3
Герберт Кенфорд, тот, что был в сером костюме (и так в нем и остался), разговаривал с матерью в кухне на родной ферме «Четыре вяза». Дело было на следующее утро после его приезда. У матери, конечно, как всегда, дел — выше головы, но и за хозяйственными хлопотами, наклоняясь над огромной старой плитой, она может говорить и слушать, поэтому она попросила Герберта остаться с ней после завтрака. Герберт у нее младшенький и любимчик.
— Вот бы мне тоже повидать заморские края, — мечтательно сказала она. — Ваш отец всегда был тяжел на подъем, а мне так страсть хотелось поездить. — И это была правда.
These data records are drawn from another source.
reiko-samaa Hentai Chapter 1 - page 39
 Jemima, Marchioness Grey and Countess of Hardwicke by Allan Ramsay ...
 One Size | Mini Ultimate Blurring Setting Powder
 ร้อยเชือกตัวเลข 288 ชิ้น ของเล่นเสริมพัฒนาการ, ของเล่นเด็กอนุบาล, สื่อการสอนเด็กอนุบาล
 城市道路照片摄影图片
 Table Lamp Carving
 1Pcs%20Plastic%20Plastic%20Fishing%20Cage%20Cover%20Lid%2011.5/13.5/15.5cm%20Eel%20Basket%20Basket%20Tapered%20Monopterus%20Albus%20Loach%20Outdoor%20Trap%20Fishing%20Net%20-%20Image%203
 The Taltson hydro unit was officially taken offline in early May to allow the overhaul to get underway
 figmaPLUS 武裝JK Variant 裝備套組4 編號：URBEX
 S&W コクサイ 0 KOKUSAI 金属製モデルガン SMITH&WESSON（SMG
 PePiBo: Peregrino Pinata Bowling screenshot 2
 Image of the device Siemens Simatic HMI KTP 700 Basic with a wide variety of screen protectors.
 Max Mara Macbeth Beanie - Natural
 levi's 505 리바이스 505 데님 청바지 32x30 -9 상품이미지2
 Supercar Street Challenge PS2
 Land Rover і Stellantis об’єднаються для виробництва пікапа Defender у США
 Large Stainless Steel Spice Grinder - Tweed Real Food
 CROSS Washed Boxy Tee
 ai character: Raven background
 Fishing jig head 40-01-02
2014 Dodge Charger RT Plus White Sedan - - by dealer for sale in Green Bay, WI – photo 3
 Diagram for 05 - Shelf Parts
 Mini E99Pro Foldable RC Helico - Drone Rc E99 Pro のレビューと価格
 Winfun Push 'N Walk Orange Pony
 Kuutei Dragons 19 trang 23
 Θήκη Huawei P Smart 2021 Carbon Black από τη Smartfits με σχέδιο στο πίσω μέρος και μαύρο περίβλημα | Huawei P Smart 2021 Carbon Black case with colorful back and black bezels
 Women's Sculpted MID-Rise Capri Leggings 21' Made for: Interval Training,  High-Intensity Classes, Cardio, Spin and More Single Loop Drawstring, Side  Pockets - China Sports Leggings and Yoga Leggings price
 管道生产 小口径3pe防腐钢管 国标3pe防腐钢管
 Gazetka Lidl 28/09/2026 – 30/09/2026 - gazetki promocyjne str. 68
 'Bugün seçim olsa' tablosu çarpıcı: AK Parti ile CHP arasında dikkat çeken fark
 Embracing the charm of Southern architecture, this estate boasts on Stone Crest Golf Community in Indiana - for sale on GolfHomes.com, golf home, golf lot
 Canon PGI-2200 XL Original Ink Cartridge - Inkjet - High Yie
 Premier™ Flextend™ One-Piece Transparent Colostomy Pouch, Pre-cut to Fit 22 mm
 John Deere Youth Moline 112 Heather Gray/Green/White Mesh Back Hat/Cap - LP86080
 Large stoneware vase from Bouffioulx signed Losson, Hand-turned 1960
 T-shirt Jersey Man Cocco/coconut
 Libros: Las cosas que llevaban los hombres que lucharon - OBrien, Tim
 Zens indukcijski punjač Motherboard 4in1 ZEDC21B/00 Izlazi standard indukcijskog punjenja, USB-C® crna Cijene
В ее дородной груди до сих пор жила непоседливая, любознательная душа ребенка, жаждущая впечатлений, тоскующая о путешествиях, о дальних землях и морях. — Некоторые письма, Герберт, те кусочки, где ты немножко описывал, что видел, были чудо как хороши, я их по сто раз перечитывала.
— Жаль, что коротко выходило, — сказал Герберт; мать он очень любил. — Но там особенно не распишешься, да и нельзя подробности, не разрешается.
Мать кивнула понимающе, а потом проговорила с улыбкой:
— Зато теперь ты сможешь мне сам обо всем рассказать.
— Мне бы надо заняться каким-нибудь делом на ферме, — сказал Герберт, такой серьезный и ответственный мальчик, не забыл, что такое фермерский труд.
— Да ты только-только приехал! Вовсе незачем тебе сразу браться за работу. У нас все под приглядом, все в порядке. Отец с Артуром только вот нынче уехали в Лэмбери, но это — по особому делу.
— Что же это за особое дело?
Мать посмотрела на него весело и в то же время таинственно. Он с детства помнил этот ее взгляд. Годы тут ничего не изменили. Пусть Европа лежит в руинах и пожарищах и пол-Азии тлеет огнем, но этот взгляд, этот голос, восходящий к давним сочельникам и дням рождений, какой был, таким и остался.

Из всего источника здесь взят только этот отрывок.